Pride Goeth Before a ...

Mayor Ron Gonzales didn't waste any time in playing the race card at last week's special City Council meeting when he said "I'm innocent" and "I'm Latino" in nearly the same breath. The tension at City Hall was already ripe, with eight councilmembers calling for his resignation in the wake of the grand jury indictment. But racial undercurrents running through council chambers that afternoon intensified the bizarre atmosphere. In an effort to salvage the shards of his political goodwill, Gonzales put an ethnic spin on his refusal to resign. African American Councilmember Forrest Williams, one of two not in favor of booting the mayor, took the people-of-color-plea and ran with it. "Is there a need to rush? In 1933, the citizens of San Jose rushed and they hanged two men in St. James Park," he warned, referring to the public lynching of guilty white men Thomas Thurmond and John Holmes. "We don't want to continue that legacy." A handful of speakers from the public stirred the same sentiments: one immigrant man said the council reminded him of the Nicaraguan government that he fled; another man said Gonzales shouldn't be singled out "just because he's Mexican-American," and a Latina activist dubbed the whole controversy "systemized racism." Stanford University professor Luis Fraga said he wasn't surprised that race came up because it's common for elected officials of color to claim they are unfairly held to higher ethical standards.
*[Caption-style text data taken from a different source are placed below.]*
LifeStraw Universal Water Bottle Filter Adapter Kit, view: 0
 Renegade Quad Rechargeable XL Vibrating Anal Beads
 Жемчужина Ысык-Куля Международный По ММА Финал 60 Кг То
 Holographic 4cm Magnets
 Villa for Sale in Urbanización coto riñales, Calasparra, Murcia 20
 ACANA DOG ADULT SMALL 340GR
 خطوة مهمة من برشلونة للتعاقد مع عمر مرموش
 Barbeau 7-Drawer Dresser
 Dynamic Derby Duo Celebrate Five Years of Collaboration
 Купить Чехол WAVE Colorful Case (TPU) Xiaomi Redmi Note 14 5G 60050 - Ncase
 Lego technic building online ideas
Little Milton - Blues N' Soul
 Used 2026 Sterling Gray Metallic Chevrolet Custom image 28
But the brown vs. white dynamic got complicated when Latina Councilmembers Cindy Chavez and Nora Campos voted for Gonzales to resign. "This is one of the hardest votes I have ever had to make," Campos told the mayor, her voice quivering with emotion. Neither she nor Chavez were available for comment. As for Gonzales, Fraga hinted: "Public officials have found it advantageous to fully embrace their racial background at times." Funny how the mayor picked this particular time to make himself the champion of the Latino community.

We Come in Peace

The words "labor peace" just don't sound as warm and fuzzy as they used to since the mayor's scandalous dealings with Norcal over keeping a higher paying union. So Fly took a second look when it saw that catch phrase on a contract the City Council recently approved to fill retail space at City Hall. The agreement with the leasing company, Imwalle Properties, to bring in tenants like Starbucks and Prolific Oven includes a tricky provision requiring that the tenants maintain "labor peace." One problem: giant retailers like Starbucks don't usually hire unionized workers. And the coffee chain's worker-friendly reputation has been called into question by a federal lawsuit recently filed by a former store manager in the East Bay. Steve White alleges that he and other supervisors weren't paid overtime and were forced to work through meal breaks. That's not a good omen for labor peace or a decent employee-grievance policy that San Jose officials want for the coffee shop at City Hall. So why stick with Starbucks? Why not live on the wild side and try someone else's java? After all, the new tenants will get a huge rent break to help cover the costs of renovating 6,000 square feet of unfinished retail space: $500 a month for the first five years instead of the original asking price of $21,000 a month.

Alum Rock Steady?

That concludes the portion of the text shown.